Bot malware, where incidents automated malicious code capable of exfiltrating entire user profiles from target endpoints, are on the rise, a new report from NordVPN has warned.
The company’s research claims that the data of five million people has been stolen by bot malware since 2018, covering 26.6 million usernames and passwords, including almost a million Google credentials, and more than a million Microsoft and Facebook logins combined.
Bot malware is more dangerous than your average malware, because by stealing entire user profiles, they enable the operators to bypass multi-factor authentication protection.
Bypassing MFA
“When a criminal hacks a password, they cannot complete the identity authentication if the user has MFA enabled. However, if a criminal obtains their victim’s cookies and device configuration information, they can trick the security systems and avoid MFA activation. Because bot malware provides criminals with the entire digital identity of their victims — it presents a brand new set of risks,” said Adrianus Warmenhoven, cybersecurity advisor at NordVPN.

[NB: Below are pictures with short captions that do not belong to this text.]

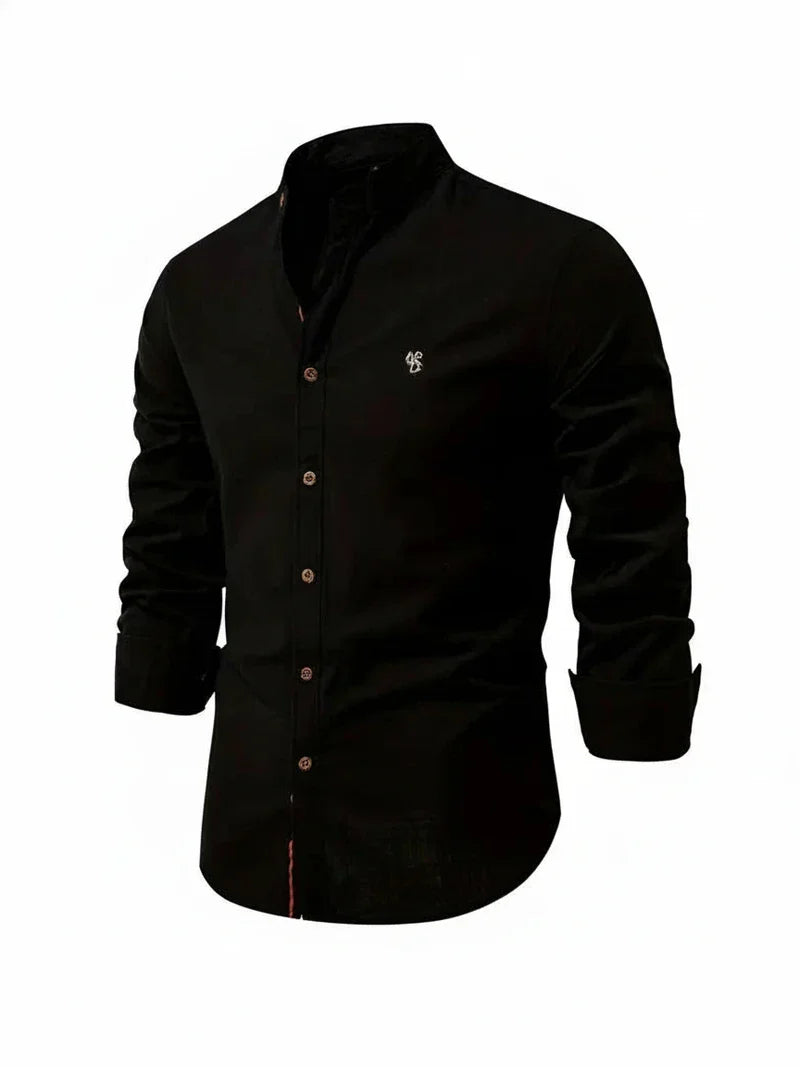 Yannick | Herren Stehkragen Knopfleiste Freizeit Shirt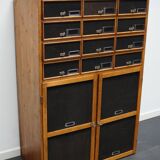 German industrial apothecary cabinet in oak and pine, mid-20th century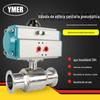 Válvula de esfera pneumática de carregamento rápido em aço inoxidável 304, sanitária, de dupla ação, tipo clamp, de grau alimentício, válvula de corte pneumática bidirecional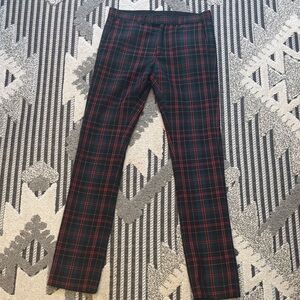 Men's Plaid Dress Pants - Black and Red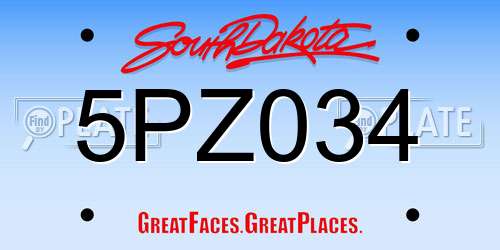5PZ034 South Dakota License Plate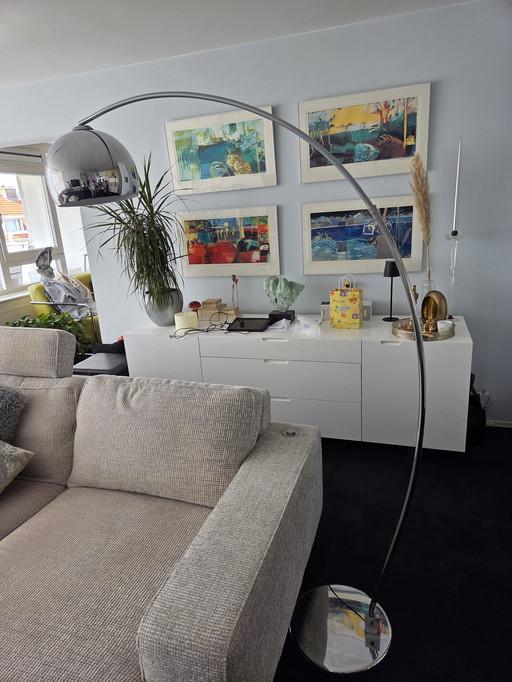 Vintage chrome arc lamp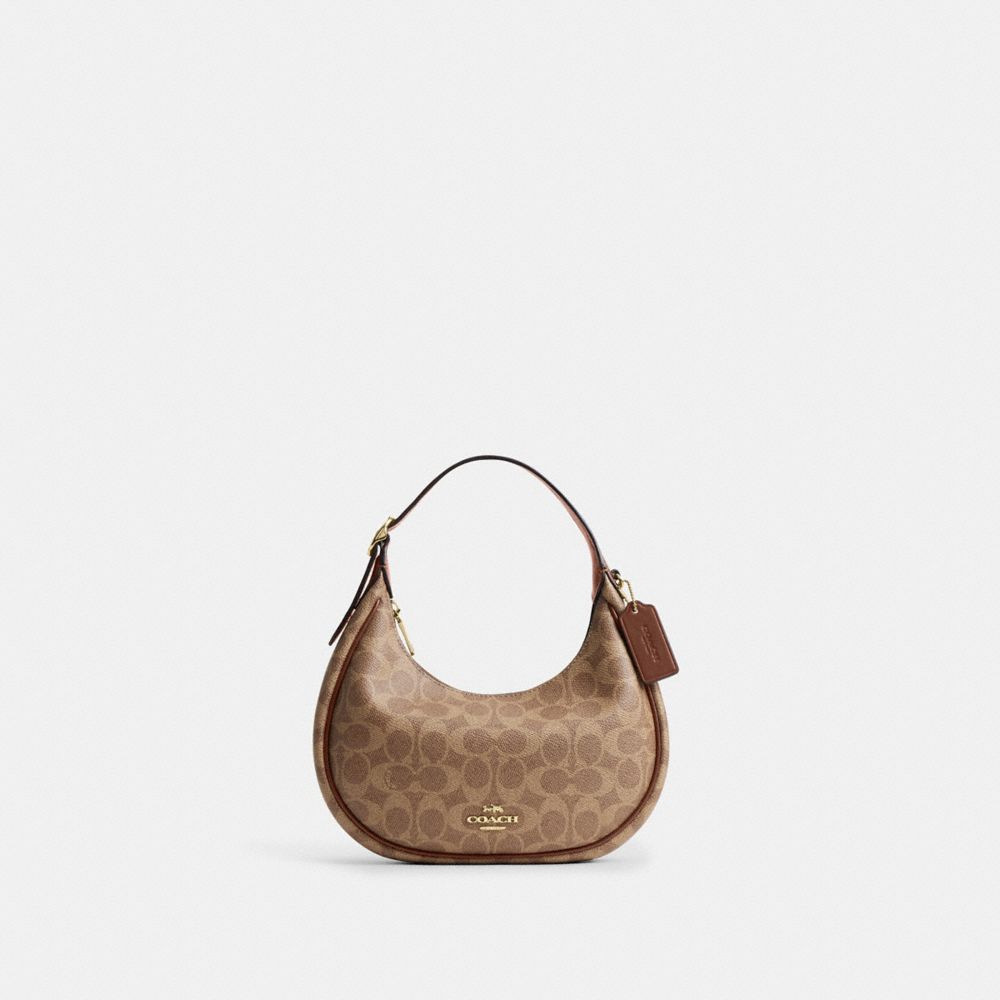 Coach Emily Shoulder Bag In Signature Canvas Gold Tan Brown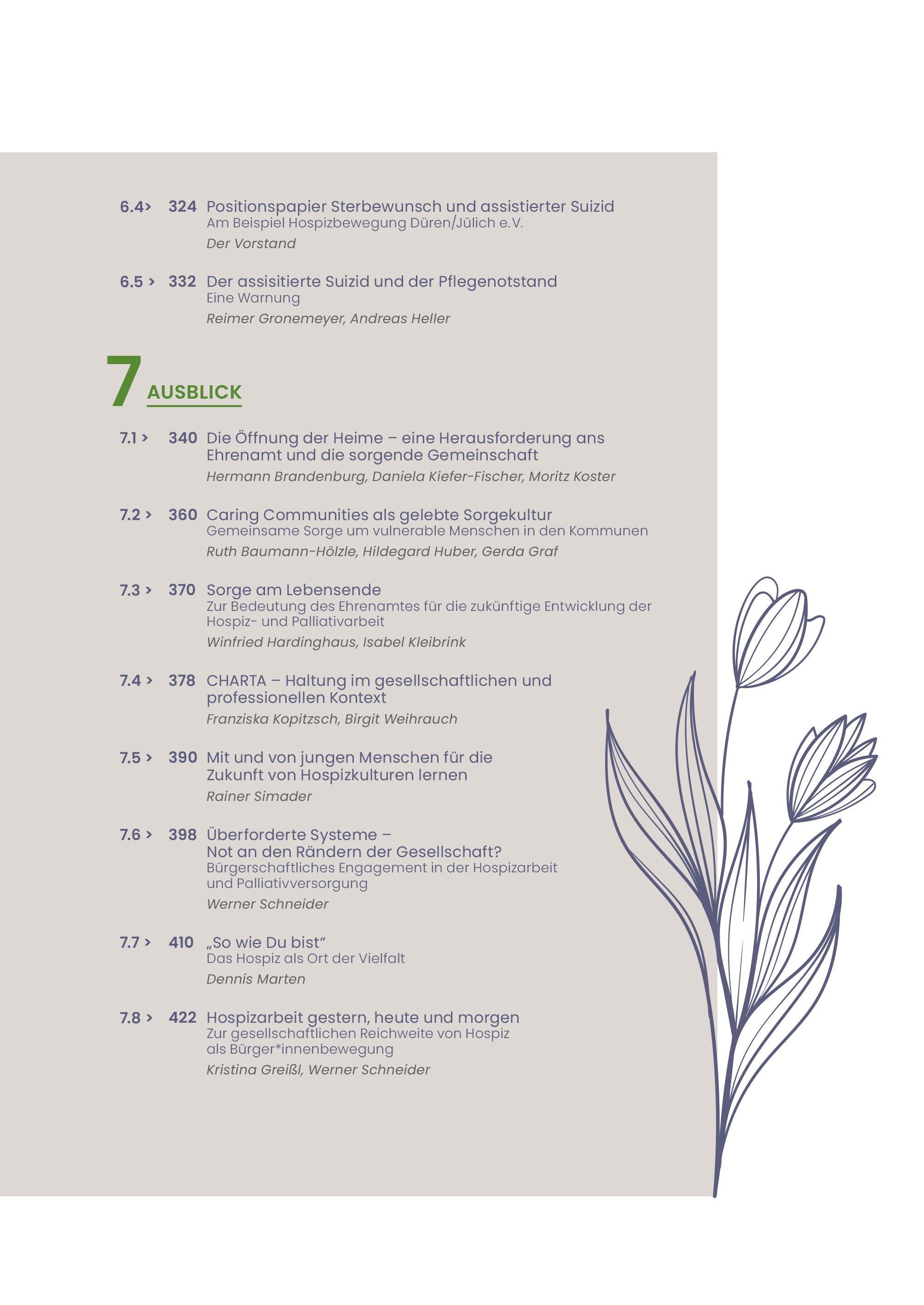 Beispielinhalt (Bild) Handbuch Hospiz ist Haltung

What makes these attacks even more dangerous is the fact that the barrier for entry is quite low. Even unskilled hackers can use these user profiles to log into people’s accounts and use them for various nefarious purposes.
For example, they can steal people’s Facebook accounts and impersonate them to ask for money, deliver malware, or promote dangerous and fake narratives. They can even use the obtained information to target businesses with phishing emails, the researchers concluded.
What’s more, they don’t even need to deliver the bot malware to target endpoints themselves. They can simply purchase the data on the dark web. The average price for a single person’s dataset is roughly $6, it was said.
“To protect yourself, use an antivirus at all times. Other measures that could help – a password manager and file encryptions tools to make sure that even if a criminal infects your device, there is very little for them to steal,” adds Adrianus Warmenhoven.